**Instructions for the task:**
Your reply should hold every entry below exactly as written and none of the pictures.

Image-text web data

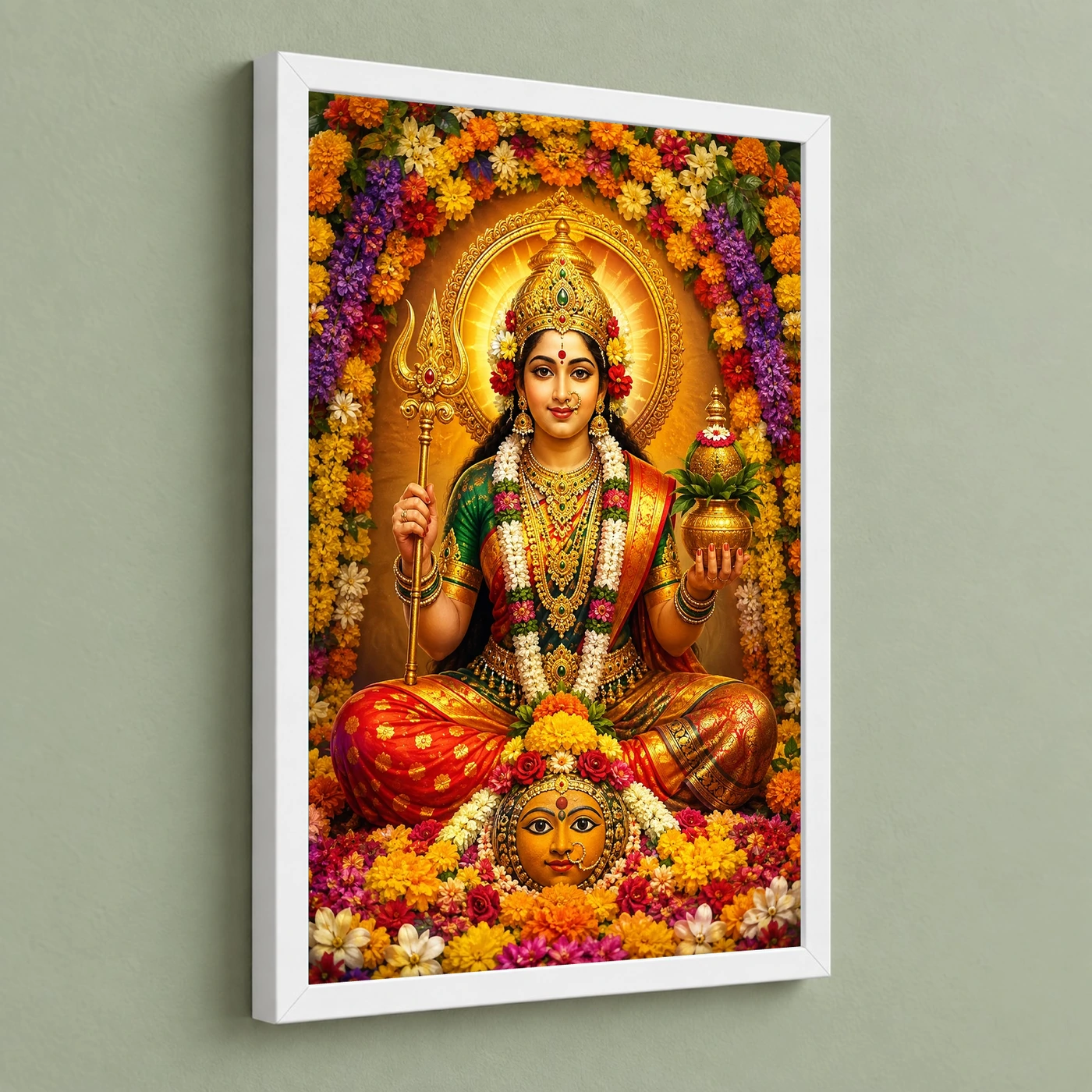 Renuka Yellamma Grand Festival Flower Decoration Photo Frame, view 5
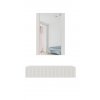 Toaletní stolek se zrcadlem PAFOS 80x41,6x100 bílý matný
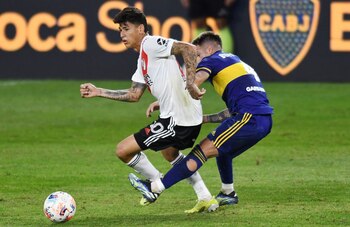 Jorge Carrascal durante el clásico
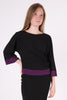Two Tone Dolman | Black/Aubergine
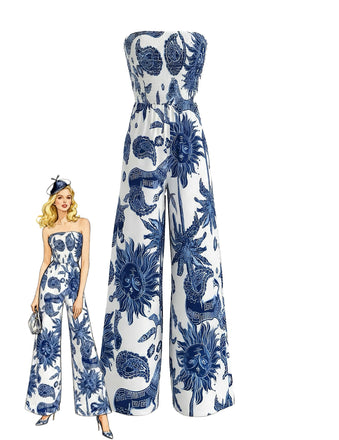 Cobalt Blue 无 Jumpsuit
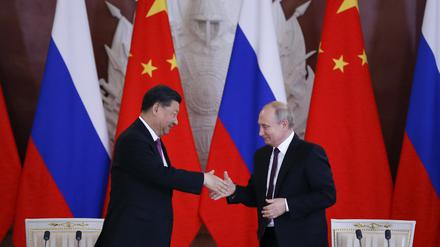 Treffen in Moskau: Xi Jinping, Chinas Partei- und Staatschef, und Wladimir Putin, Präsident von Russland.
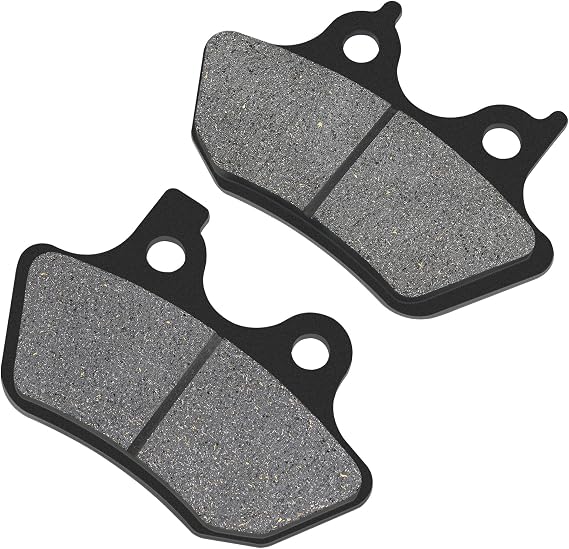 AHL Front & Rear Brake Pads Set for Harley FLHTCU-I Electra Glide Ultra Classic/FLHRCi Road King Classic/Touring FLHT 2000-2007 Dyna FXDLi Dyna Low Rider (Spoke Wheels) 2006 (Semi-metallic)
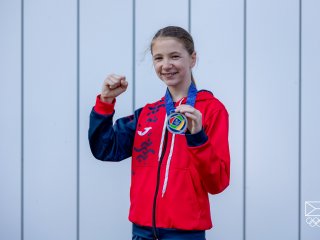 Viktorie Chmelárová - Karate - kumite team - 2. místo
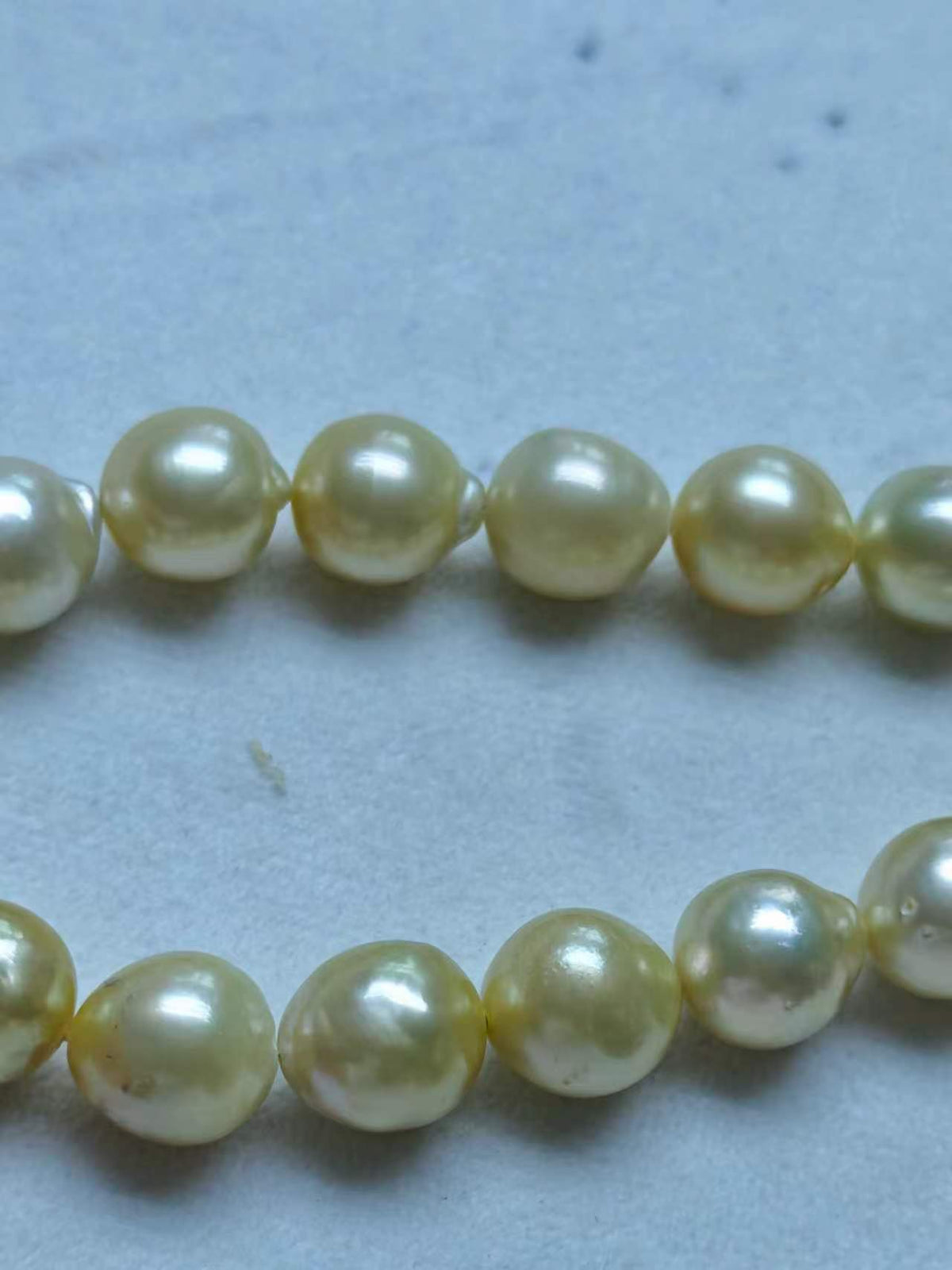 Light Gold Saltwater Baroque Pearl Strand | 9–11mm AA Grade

**Exercise result:**
 Renuka Yellamma Grand Festival Flower Decoration Photo Frame, view 5
 Toaletní stolek se zrcadlem PAFOS 80x41,6x100 bílý matný
 Jorge Carrascal durante el clásico
Two Tone Dolman | Black/Aubergine
 Cobalt Blue 无 Jumpsuit
 Treffen in Moskau: Xi Jinping, Chinas Partei- und Staatschef, und Wladimir Putin, Präsident von Russland.
 AHL Front & Rear Brake Pads Set for Harley FLHTCU-I Electra Glide Ultra Classic/FLHRCi Road King Classic/Touring FLHT 2000-2007 Dyna FXDLi Dyna Low Rider (Spoke Wheels) 2006 (Semi-metallic)
 Viktorie Chmelárová - Karate - kumite team - 2. místo
 Light Gold Saltwater Baroque Pearl Strand | 9–11mm AA Grade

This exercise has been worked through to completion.